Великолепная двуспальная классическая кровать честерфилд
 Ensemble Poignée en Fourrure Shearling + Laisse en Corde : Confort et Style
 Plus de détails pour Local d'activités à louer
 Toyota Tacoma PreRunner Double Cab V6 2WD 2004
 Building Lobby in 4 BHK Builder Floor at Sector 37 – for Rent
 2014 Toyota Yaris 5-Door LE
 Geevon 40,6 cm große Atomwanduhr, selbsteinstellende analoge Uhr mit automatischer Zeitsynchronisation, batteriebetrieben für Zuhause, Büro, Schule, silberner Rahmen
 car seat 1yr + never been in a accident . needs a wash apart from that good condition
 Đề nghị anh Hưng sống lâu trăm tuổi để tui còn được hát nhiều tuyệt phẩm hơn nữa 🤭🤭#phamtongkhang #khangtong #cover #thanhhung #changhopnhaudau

______________________________

Aim of the exercise ▸ Please restate every record above word for word.

Answer to this task ▸
Великолепная двуспальная классическая кровать честерфилд
 Ensemble Poignée en Fourrure Shearling + Laisse en Corde : Confort et Style
 Plus de détails pour Local d'activités à louer
 Toyota Tacoma PreRunner Double Cab V6 2WD 2004
 Building Lobby in 4 BHK Builder Floor at Sector 37 – for Rent
 2014 Toyota Yaris 5-Door LE
 Geevon 40,6 cm große Atomwanduhr, selbsteinstellende analoge Uhr mit automatischer Zeitsynchronisation, batteriebetrieben für Zuhause, Büro, Schule, silberner Rahmen
 car seat 1yr + never been in a accident . needs a wash apart from that good condition
 Đề nghị anh Hưng sống lâu trăm tuổi để tui còn được hát nhiều tuyệt phẩm hơn nữa 🤭🤭#phamtongkhang #khangtong #cover #thanhhung #changhopnhaudau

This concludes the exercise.